Мое художество за период моих отроческих лет, приблизительно с 1883 по 1886 год, было запущено. Теперь же, благодаря нашему роману, оно как-то снова воспрянуло и ожило. Состояние влюбленности само по себе вызывает творческое возбуждение, является стремление отличиться перед возлюбленной. Влюбленность более мужественных натур толкает их на воинские или на спортивные подвиги; моей же насквозь миролюбивой натуре все насильственное претило, зато к моим услугам был мой изобразительный дар. В то же время живейший интерес, который проявляла Атя к моим успехам, являлся для меня самым значительным поощрением. Дома я бывал часто обескуражен разными критическими или скептическими замечаниями братьев. Раздражало меня и их понукание: «Ты бы, Шура, больше рисовал с натуры», «Надо с натуры рисовать, чтоб делать успехи, чтоб научиться рисовать!» Мне, недавнему вундеркинду, в детстве теми же близкими захваленному, мне, привыкшему своими рисунками вызывать восторг, было прямо оскорбительно слушать теперь такие речи; быть низведенным на степень какого-то начинающего школьника! По-своему братья были безусловно правы, но их психологический подход был неверен и вызывал чувства и решения как раз обратные тем, которые представлялись им желательными. Атя же, глядевшая на мои опыты влюбленными глазами, относилась к ним не только снисходительно, но приходила от них, и даже от малейшего пустяка, в восторг, и это естественно возбуждало мое рвение. Но я и теперь «сторонился натуры», а происходило это оттого, что при работе с натуры я натыкался на технические трудности, казавшиеся мне непреодолимыми. С другой стороны, дома я видел вокруг себя слишком совершенные образцы в работах отца и братьев. Напротив, у Киндов искусство, кроме музыки, не было чем-то домашним, обыденным, и там мое художество, лишенное непосредственных сравнений, производило более выгодное впечатление, да и мне самому оно лучше нравилось.

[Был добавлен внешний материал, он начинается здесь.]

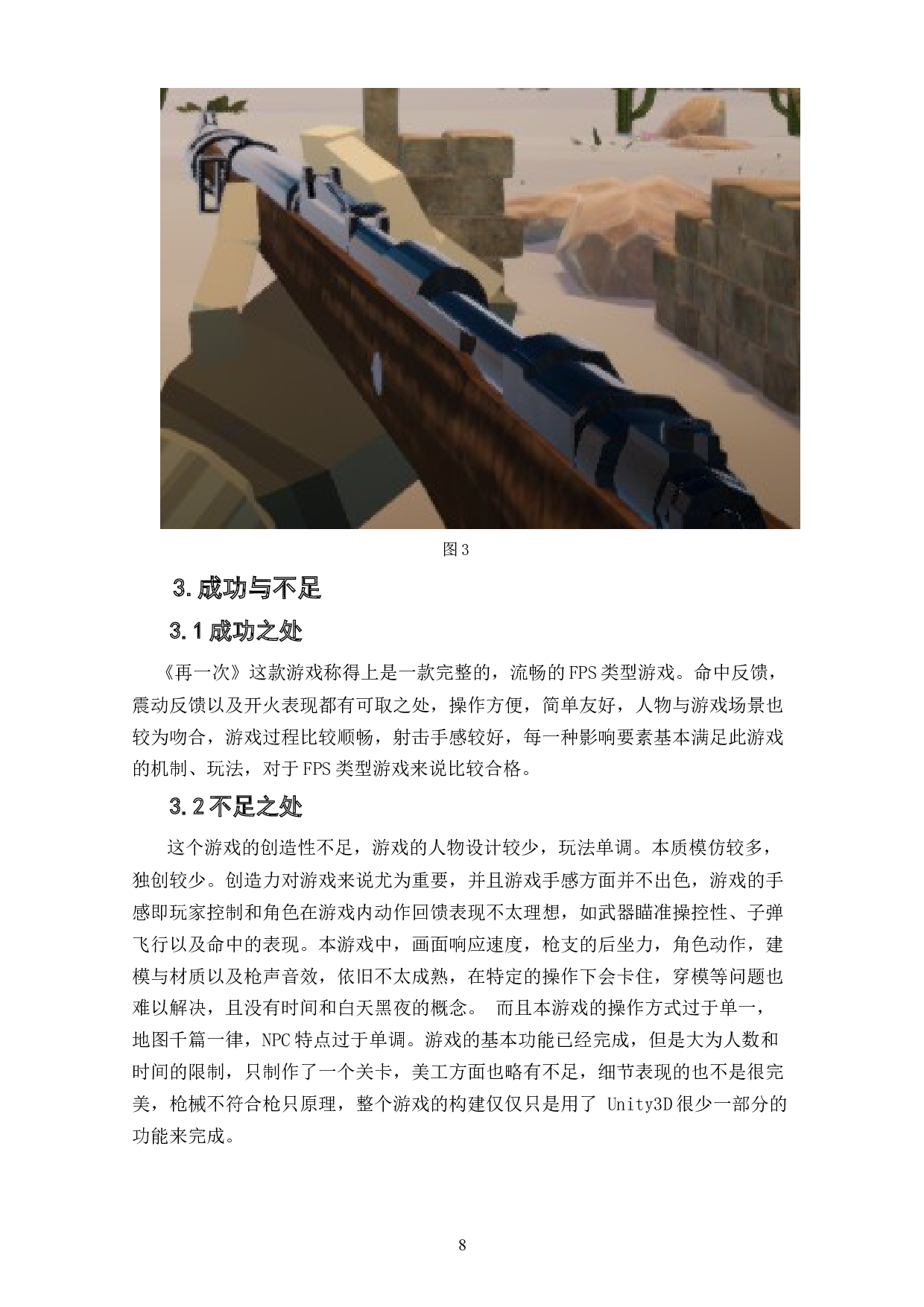 第一人称射击游戏《再一次》作品阐述-3988字.doc 第7页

При моей театромании было естественно, что почти все мои художественные опыты тех лет были посвящены театру. Как раз однажды за вечерним чаепитием Д. В. Григорович стал в самых пламенных выражениях превозносить искусство великих театральных декораторов прошлого — Бибиены, Сервандони, и в заключение произнес запавшую мне в душу фразу: «Вот Шура должен был бы сделаться декоратором, пойти по стопам этих изумительных художников-волшебников». Папа поддержал приятеля, да и сам он не раз при мне с восторгом вспоминал о театральных спектаклях своей молодости и как раз о произведениях обоих Гонзаго (отца и сына), а также чудесных декораторов Каноппи и Корсини. Три великолепных рисунка того Бибиены, который работал при дворе Елизаветы Петровны, доставшиеся от деда Кавоса, хранились у отца в папках (впоследствии папочка подарил их мне; они были вставлены в рамы и служили украшением нашей столовой. Их чрезмерно большой формат не позволил мне их взять с собой в эмиграцию. Один из этих эскизов я воспроизвел в моей «Истории живописи»). Папочка сам неоднократно пробовал свои силы в декорации. У меня сохранилась очаровательная его акварель, являющаяся проектом для переднего занавеса того театра в Академии художеств, который был устроен в дни президентства князя Гагарина. Да, в сущности, театральной декорацией является и тот его «архитектурный синтез» (акварель очень большого формата), что хранится в Русском музее в Петербурге.